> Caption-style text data
- - -

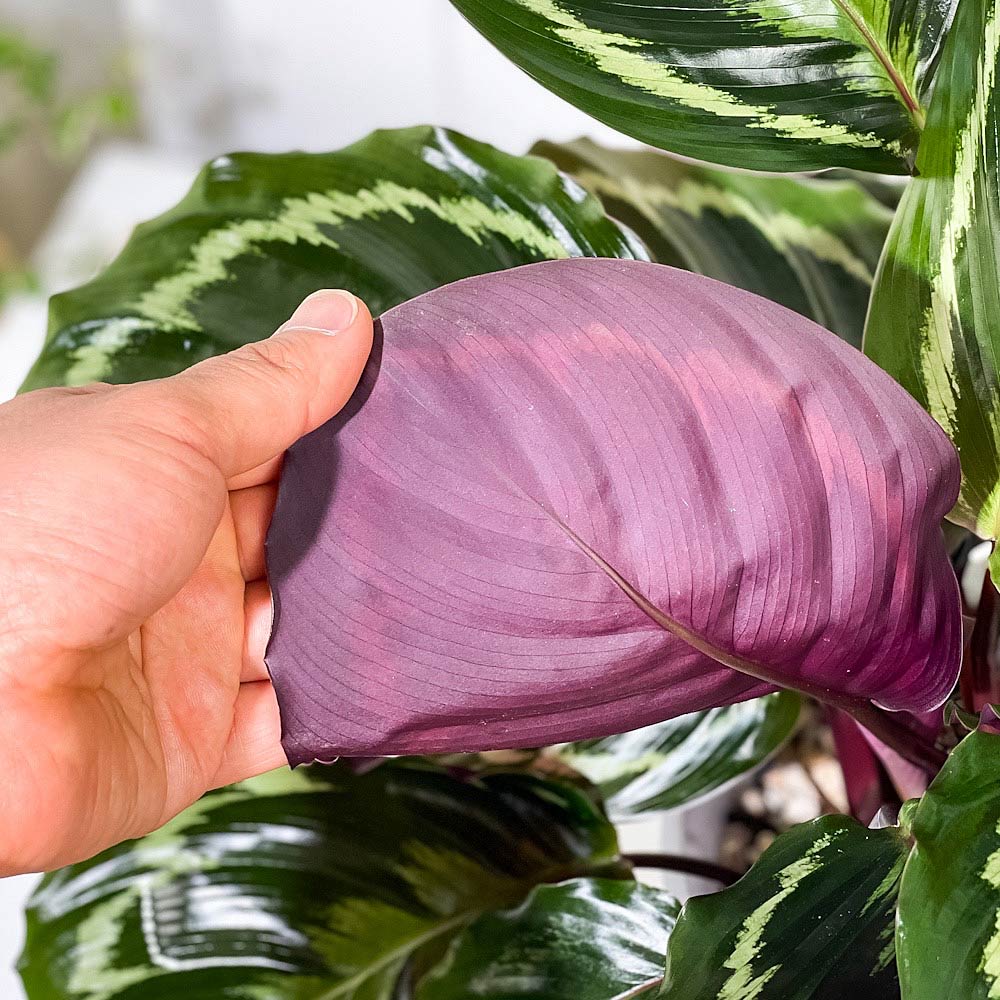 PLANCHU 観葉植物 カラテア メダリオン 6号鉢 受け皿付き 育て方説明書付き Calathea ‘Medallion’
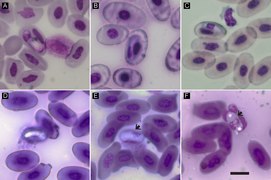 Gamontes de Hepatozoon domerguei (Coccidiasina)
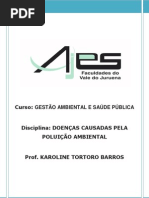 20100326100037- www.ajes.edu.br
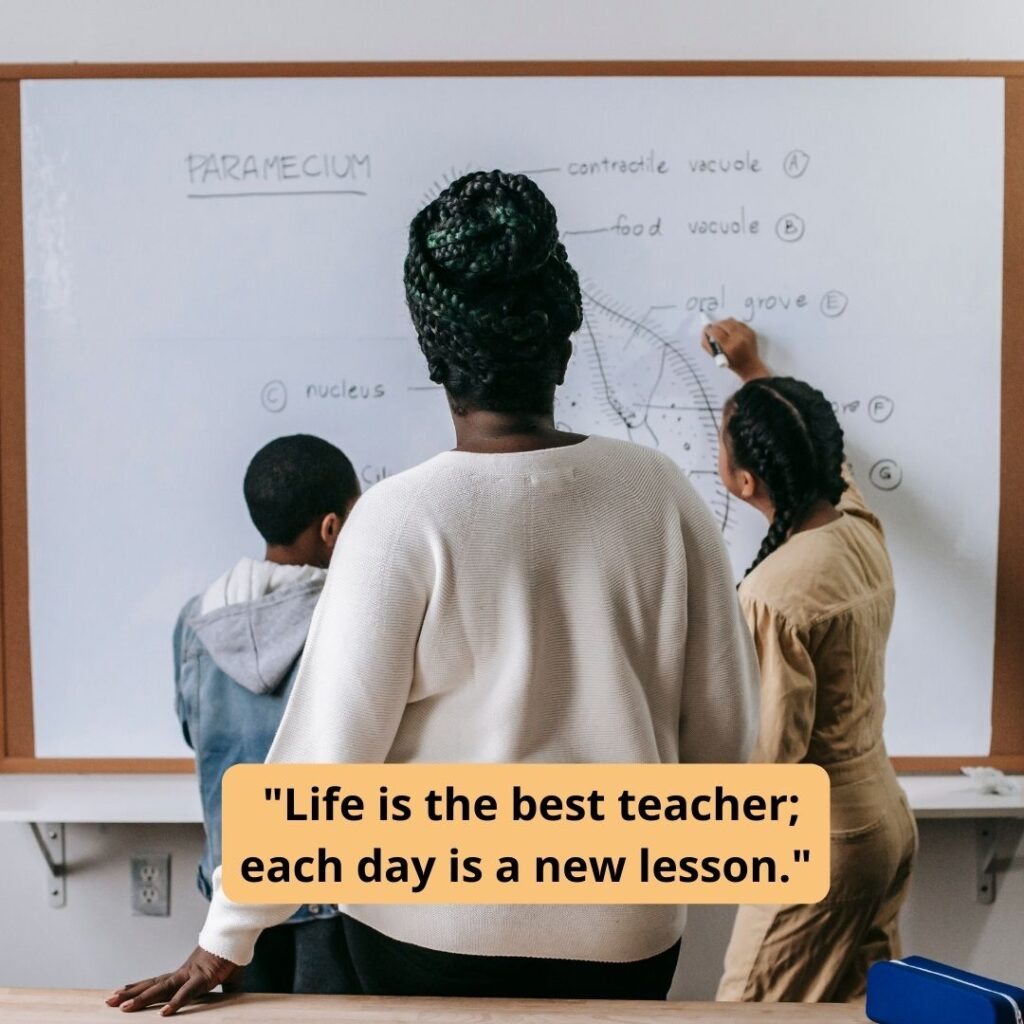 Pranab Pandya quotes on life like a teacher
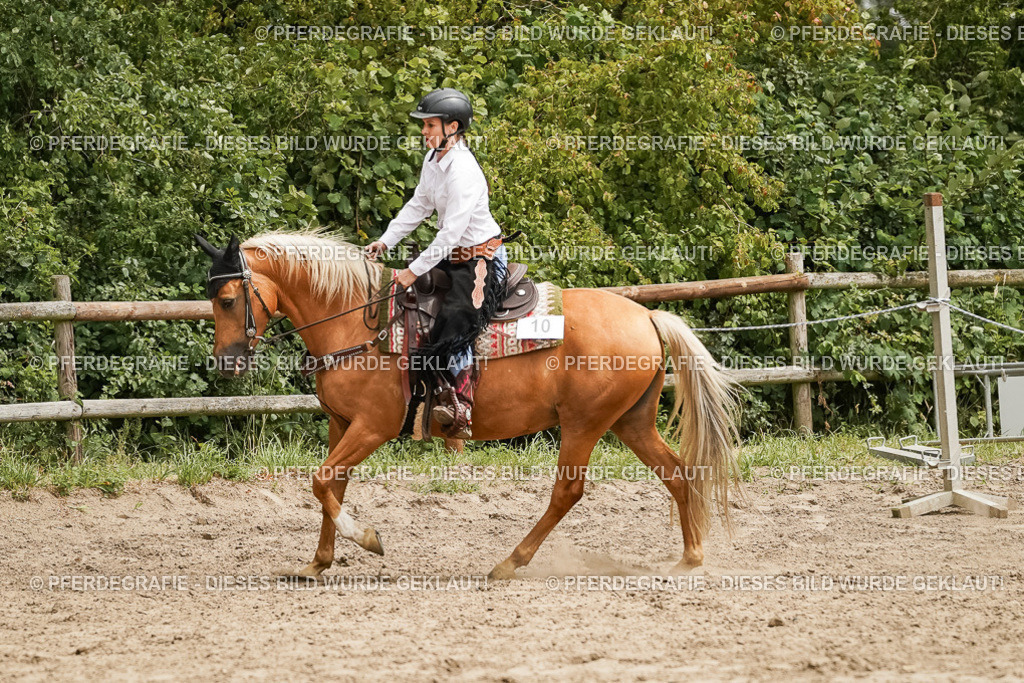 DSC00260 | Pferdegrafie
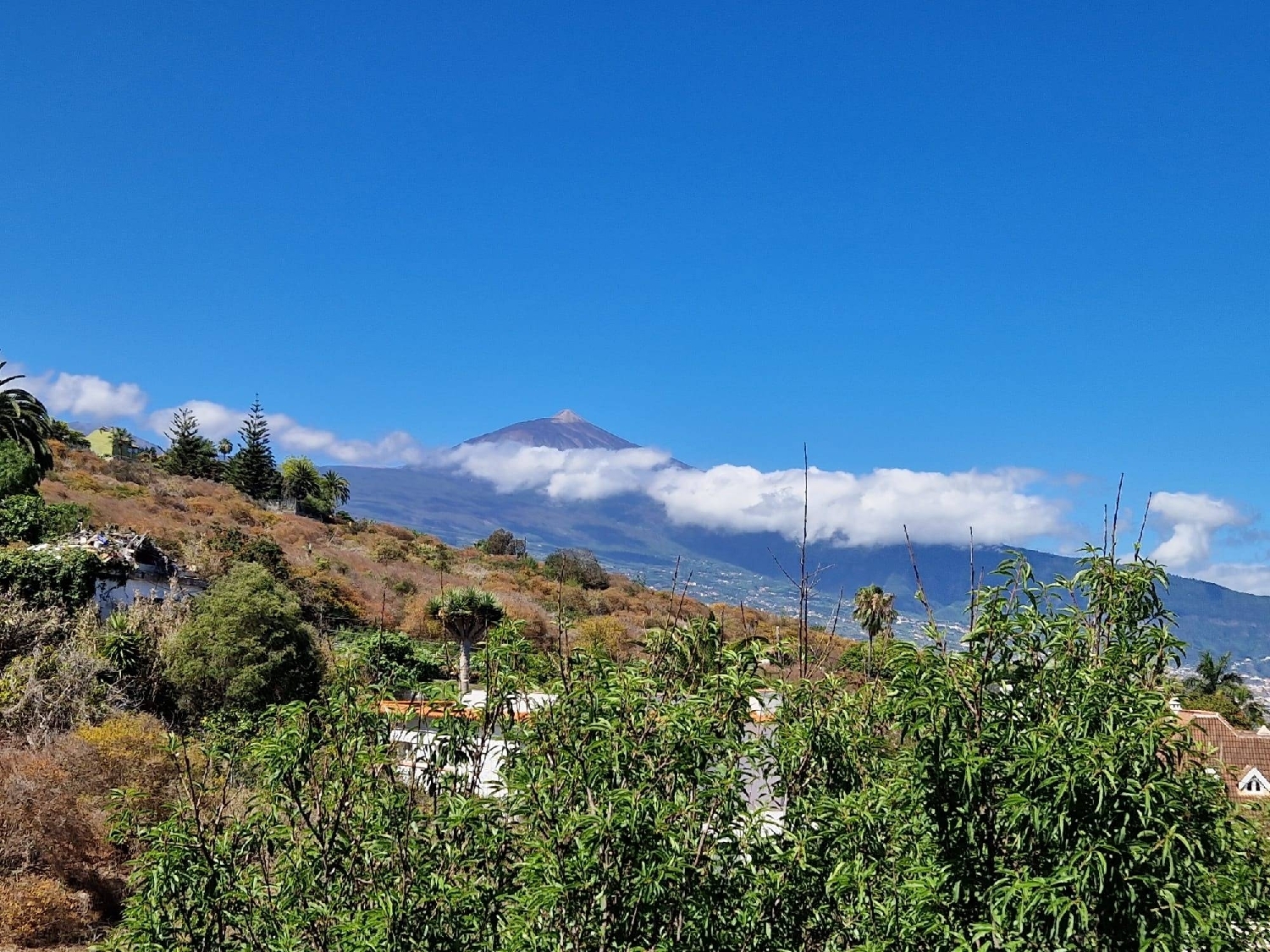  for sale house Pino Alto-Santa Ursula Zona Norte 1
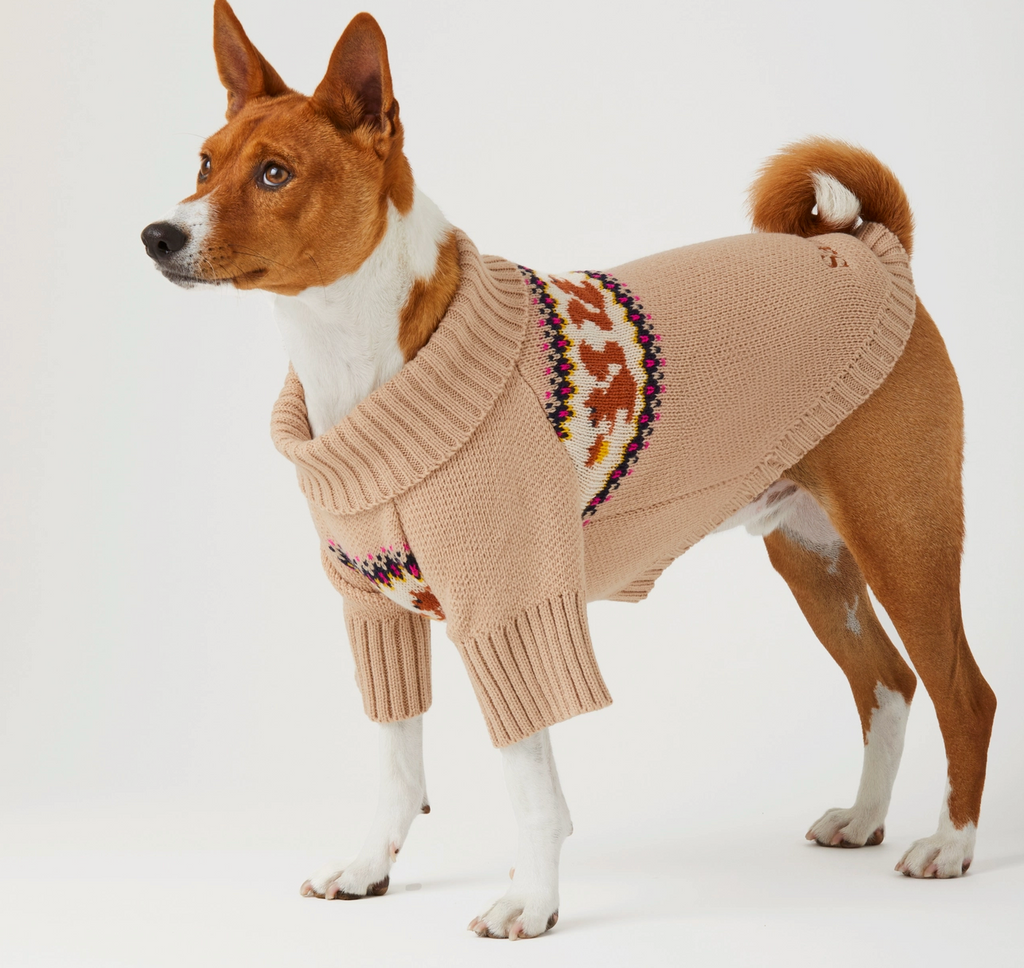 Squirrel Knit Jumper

- - -

> The task
Begin at the line with "for sale house" and retype exactly every line through the last one of the entries above, both included, and nothing more; pictures stay out.

> Reply
  for sale house Pino Alto-Santa Ursula Zona Norte 1
 Squirrel Knit Jumper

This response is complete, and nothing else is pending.